Sin embargo, el son sigue presente. Camine las calles de La Habana Vieja, las de Santiago, Trinidad u otros lugares de esta isla. Hay lugares que se han convertido en el refugio natural del son, como si estuviera de regreso a sus raíces, bien sea en pequeños cafés donde los turistas se reencuentran con ese sonido mágico, o en los que algunos jóvenes dejan de lado su tiempo urbano y asumen la herencia que les duerme en el hipotálamo y que les define, aunque públicamente lo nieguen tres veces.

Aunque el son no sea hoy la música de cabecera de la nación, debemos celebrarlo.
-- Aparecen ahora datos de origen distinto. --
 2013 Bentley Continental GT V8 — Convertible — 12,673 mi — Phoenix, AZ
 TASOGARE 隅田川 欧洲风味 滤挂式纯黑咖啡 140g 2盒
Innegablemente, el son nunca ha pasado de moda. Tal vez sea tiempo de buscar nuevos soneros, de entender que su ruta es tan importante en nuestras vidas y nuestra cultura como la del tabaco, la del ron y la caña de azúcar. Que su modo de bailar —hoy en desuso y sujeto a los escarceos de coreógrafos y bailarines que no siempre lograron y logran entenderlo— está en nuestro andar. Que, como dijera un sonero, está presente en nuestro hablar cotidiano y nuestra forma de vivir.

Y aunque no quede redondo, aunque no sea la música de cabecera hoy de la nación, debemos celebrarlo. Es la única manera de sobrevivir como nación musicalmente, es parte del orgullo que nos define. Es por lo que el mundo nos admira.

Hagamos, sin miedo al futuro, una búsqueda del punto en otro son, que siempre será el nuestro.